On the heels of rising attacks on the power grid and rolling blackouts caused by cold winter weather, the company is proposing a gradual rate increase to fund billions of dollars of infrastructure improvements.
Duke Energy Carolinas asked North Carolina regulators on Thursday to let it raise residential electricity rates by nearly 18% over three years as part of a broad request to raise revenues from its 2 million customers in the state.
Profits from the rate case initiated by the state Utilities Commission -- the first initiated by the Duke Energy subsidiary since 2019 -- would go in part to make electric grid reliability and security improvements to help collect more power from renewable sources, the company said.
Duke Energy Carolinas’ coverage area spans much of central and western Carolina, including Charlotte, Durham and the Triad.

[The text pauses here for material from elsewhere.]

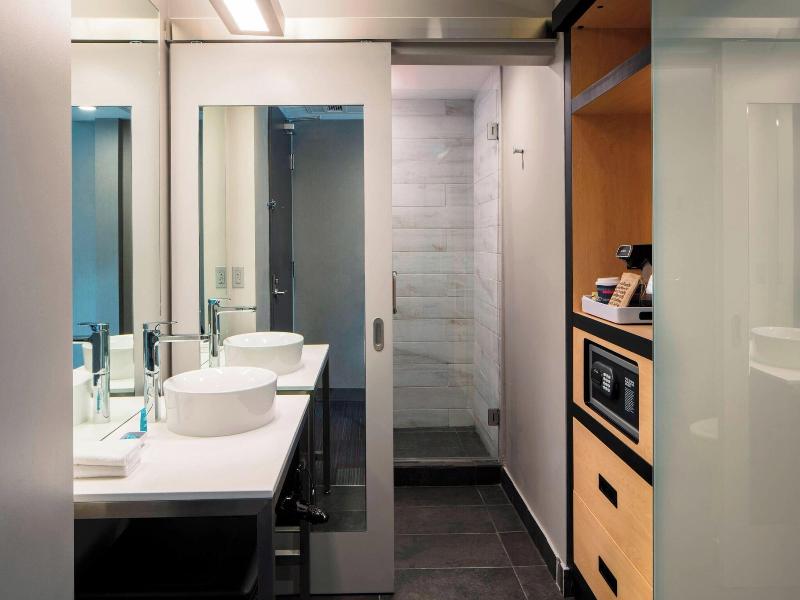 Aloft Coral Gables image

Channel 9′s Madison Carter looked into the proposal. She learned that while Duke can charge customers to increase reliability and security, it can’t raise rates to pay any fines faced from past failures.
The rate case is similar to one filed in October by Duke Energy Progress, which covers customers in eastern and central North Carolina -- including those in Raleigh, Fayetteville and Wilmington — as well as in and near Asheville. Both companies are subsidiaries of Charlotte-based Duke Energy Corp.

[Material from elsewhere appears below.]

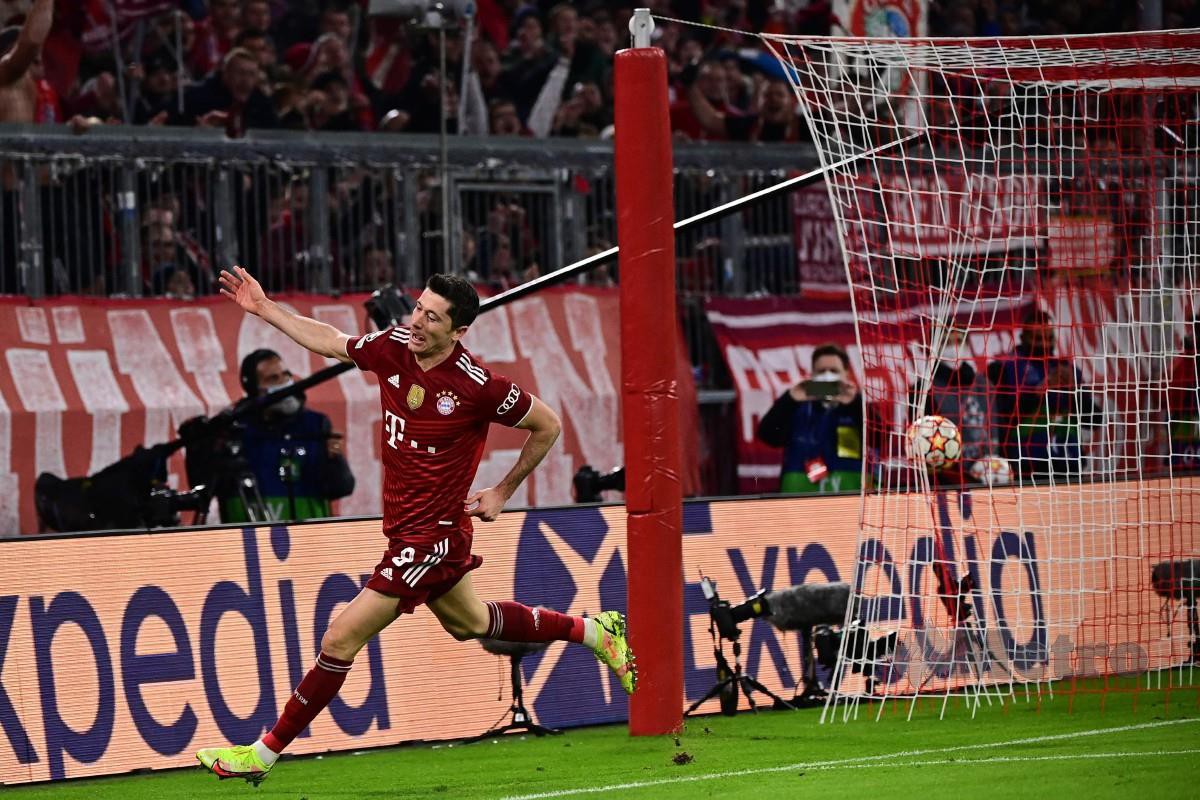 PENYERANG Bayern, Lewandowski. -FOTO AFP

Thursday’s proposal, with annual increases in early 2024, 2025 and 2026, would result in overall cumulative rate increases of 15.7% and 17.9% for residential customers.

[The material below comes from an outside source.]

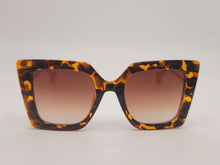 Load image into Gallery viewer, Fashion Big Rectangle Women Luxury Sunglasses Vintage Punk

A typical Duke Energy Carolinas residential customer would see their monthly bills rise from $115.01 per month to $127.55 starting next Jan. 1, with smaller increases in successive years to $134.63, according to a news release.
That’s about a $12 increase in year one followed by about $3 in hikes in following years. By 2026, the average customer would be paying about $20 more.
The proposal would result in over $820 million in additional net retail revenues by 2026, according to figures from Duke.
As with the Duke Energy Progress case, Thursday’s proposal also includes a new program for low-income customers to reduce their bills and new energy efficiency programs offered to all customers that can lead to savings on bills.
The utilities commission, with its seven members chosen by the governor, decides whether to approve or modify rate requests after holding a hearing and receiving comments from advocacy groups, customers and the commission’s public staff.
Typically, the rates the commission determines to be necessary are lower than Duke’s proposal and the two parties settle in the middle.
The whole process will take about 11 months, so an increase wouldn’t occur until January of 2024.
The rate requests come after Duke Energy substations in central North Carolina were damaged by gunfire in early December, knocking out power to 45,000 customers in Moore County. And hundreds of thousands of customers of the two subsidiaries in North and South Carolina were subjected to rolling blackouts on Dec. 24 during extremely cold weather as power demand soared but supply dwindled.
The Associated Press contributed to this report.